CLEVLEAND — Several industries across the nation have transitioned from traditional office settings to at-home work setups. Some even recently announced plans to allow employees to work remotely through 2021.
This is leaving dry cleaning companies scrambling to find other sources of revenue.
The owner Sunshine Dry Cleaners, located on Rocky River Dr. in Cleveland, said since March business has tumbled.
“Our industry basically came to a pause," said Dan Loescher. “Our hotel business just dropped off. Our retail business was gone.”
Loescher said a large portion of his company's revenue comes from partnerships and routes in downtown Cleveland. The business cleans garments for major hotels and other businesses which host weddings, banquets and conferences. But, with little to no travelings and hardly any events in sight, they're struggling to make ends meet.
“When that stopped, our services were no longer needed," he said. "We prepared for what we thought would be a very short-lived shutdown. We now know, three months later, that it was way more than that."
Loescher said in May Sunshine Dry Cleaners brought in just $18 from downtown routes and businesses. Overall, the company is down 41% year-to-year. And with more companies allowing employees to work remotely, retail business has been down as well.
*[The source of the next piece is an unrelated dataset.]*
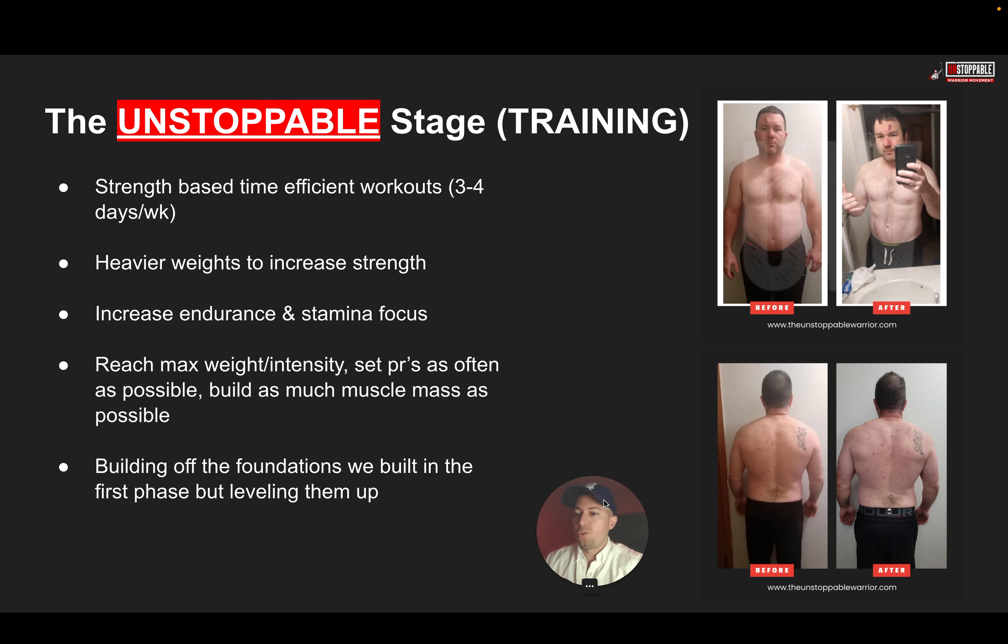Here's what we did for the training in stage two. We focus on time-efficient workouts three to four days a week. Now we go with heavier weights to increase strength, increase endurance, increase stamina, increase focus — really focused on reaching maximum weight and intensity. We want to set personal records as often as possible, build as much muscle as possible, and really build on those foundations from the first phase — essentially leveling them up.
“If someone sliced your pay by more than 41% you would have to make some hard decisions, too," the owner said.
Loescher said he and the company's general manager went through expenses line by line to see where they could make cuts. "Everything was on the table."
The reality for Sunshine Dry Cleaners—and the dry cleaning industry as a whole—Loescher said, is business will struggle until more employees are back in the office generating regular visits from customers.
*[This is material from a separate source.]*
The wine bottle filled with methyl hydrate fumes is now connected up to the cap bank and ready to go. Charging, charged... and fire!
Throughout the last five months, Loescher said he's learned that failure comes in several forms. But instead of sitting around, harping on lost revenue he has to figure out new and creative ways to generate income.
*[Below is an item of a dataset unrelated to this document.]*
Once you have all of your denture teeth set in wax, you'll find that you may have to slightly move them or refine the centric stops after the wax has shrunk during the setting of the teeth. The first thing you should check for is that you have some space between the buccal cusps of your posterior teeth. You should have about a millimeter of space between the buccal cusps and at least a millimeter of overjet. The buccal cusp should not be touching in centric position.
“As long as you’re willing to look the animal in the eye and give it a fight, there’s no failure," he said.
The owner is also begging for people to wear their masks, socially distance and to support local businesses.
“We don’t have corporate to fall back on," Loescher said. "This is not a joke, wear your mask and let’s get through this thing together. Let’s get over this pandemic together. We’re here for you if you need us. We never closed our doors.”